- **SUPPLIED INFORMATION**:
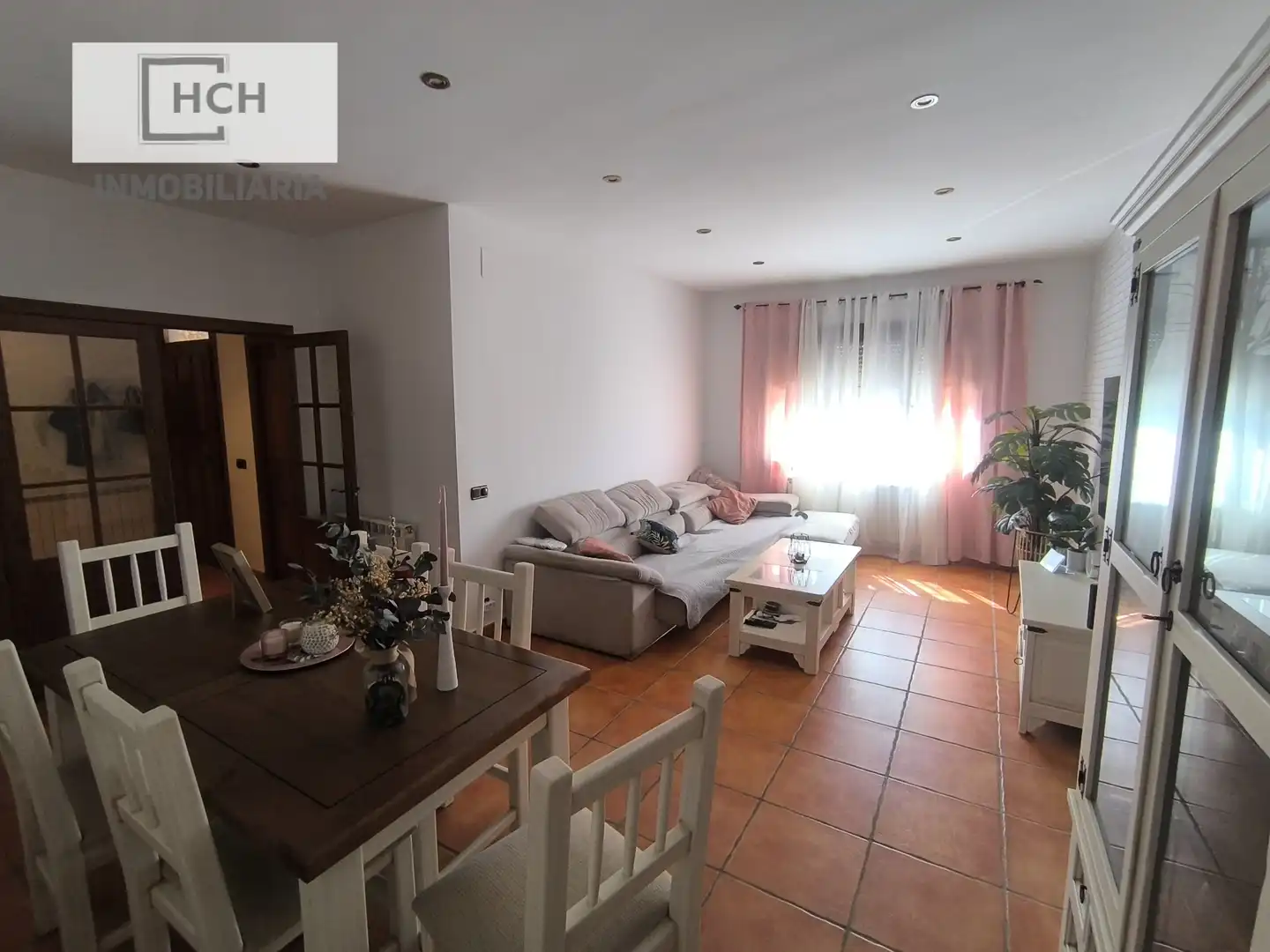 Wohnzimmer von Haus oder Chalet zum Verkauf in La Puebla de Montalbán mit Klimaanlage, Heizung und Möbliert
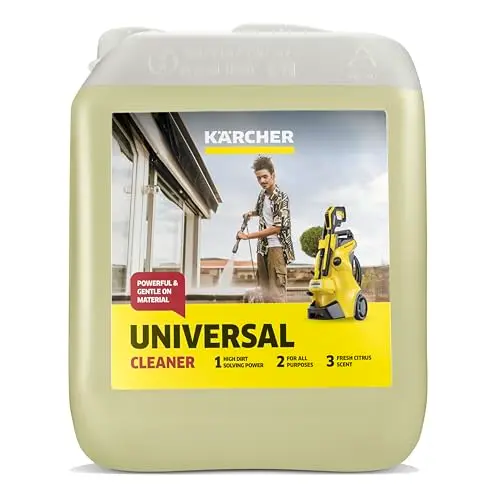 Kärcher Universalreiniger RM 555, 5 Liter - Kraftvoller Allzweckreiniger für Gartenmöbel, Fahrzeuge und Fassaden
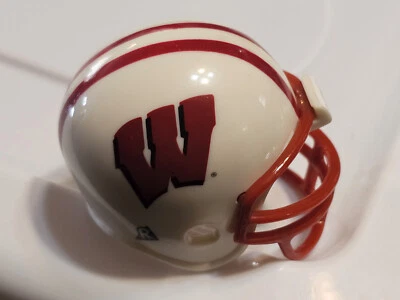 WISCONSIN BADGERS  BIG 10 FOOTBALL  #550  POCKET PRO HELMET RIDDELL - Image 1 of 4
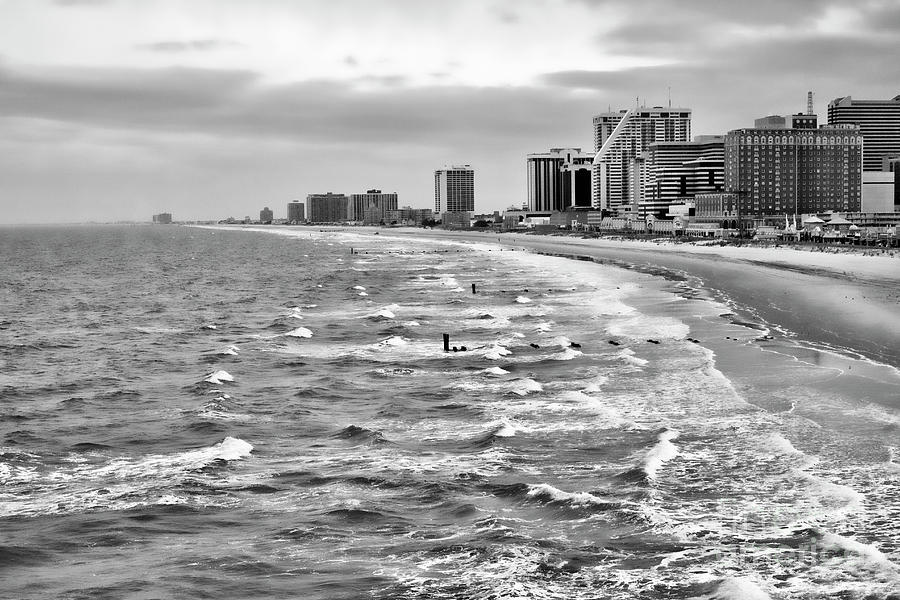 Jersey Shore Atlantic City Photograph by Chuck Kuhn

- **ASSIGNMENT**:
Everything in the material above is to be reproduced exactly, pictures aside.

- **ANSWER AREA**:
 Wohnzimmer von Haus oder Chalet zum Verkauf in La Puebla de Montalbán mit Klimaanlage, Heizung und Möbliert
 Kärcher Universalreiniger RM 555, 5 Liter - Kraftvoller Allzweckreiniger für Gartenmöbel, Fahrzeuge und Fassaden
 WISCONSIN BADGERS  BIG 10 FOOTBALL  #550  POCKET PRO HELMET RIDDELL - Image 1 of 4
 Jersey Shore Atlantic City Photograph by Chuck Kuhn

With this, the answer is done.